Consumers are flush with cash but supplies of new vehicles have run short, due in large measure to the global shortage of computer chips.
Also, the number of repossessed cars has shrunk, robbing dealers of another usually reliable source of good-quality cars and trucks.
As a result, would-be new-car shoppers have been driven into the used-car market, pushing up prices for desirable vehicles.
In addition, car rental corporations sold off their vehicles last year when the travel economy crashed; now those companies are competing for available cars to rebuild their fleets.
U.S. Treasury and Federal Reserve officials continue to insist that such price surges are temporary while the economy rights itself.
The pressures pushing used-car prices up “may persist over the summer,” U.S. Federal Reserve governor Lael Brainard said in comments quoted by the FT. However, Brainard said, “I expect them to fade and likely reverse somewhat in subsequent quarters.”
“Several leading indicators of what’s happening at [used car] auctions” indicate “the price appreciation streak is likely going to end,” Jonathan Smoke at consulting firm Cox Automotive told the FT.

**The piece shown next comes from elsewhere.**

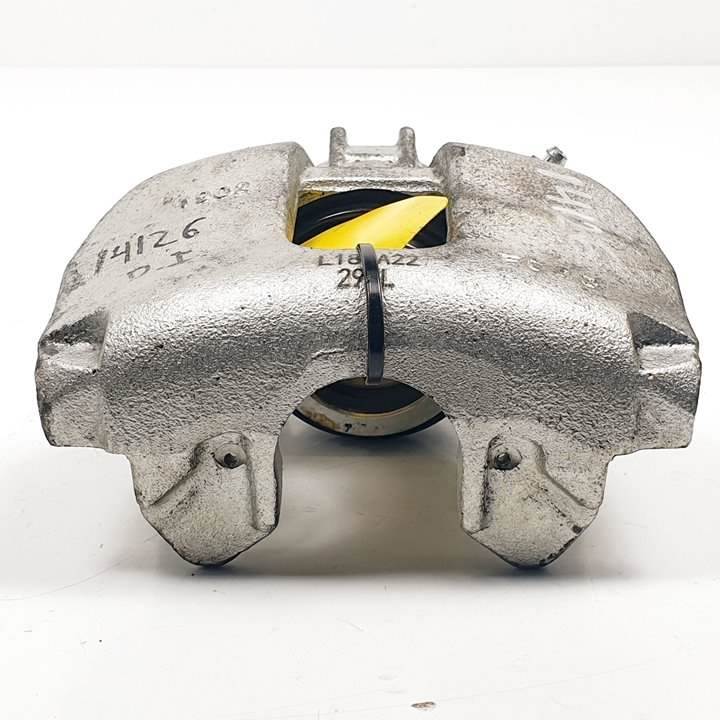 PINZA FRENO DELANTERA IZQUIERDA - VOLVO - S60 BERLINA (P24)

Still, carmakers “have to build the new cars and get the chips in them and get them out,” Maryland car dealer Carey Cherner told the FT.
“I don’t see a steep drop-off [in prices] until there’s way more supply than demand,” he said.
TREND FORECAST: To us, the Feds keep pumping the “temporary” inflation lines, knowing that if they said rates will rise, markets and the economy will dive.
As we have detailed, the levels of monetary methadone injected into equities and the economy are unprecedented in modern history, and the U.S. debt-to-GDP ratio is at World War II highs. Thus, any cheap money pullbacks will drive the artificially propped up markets sharply down… as well as the general economy.
Yes, prices in many sectors will decline, yet, as we have detailed, commodities such as oil, which relies on both industrial and consumer consumption, will continue to rise… pushing up inflation.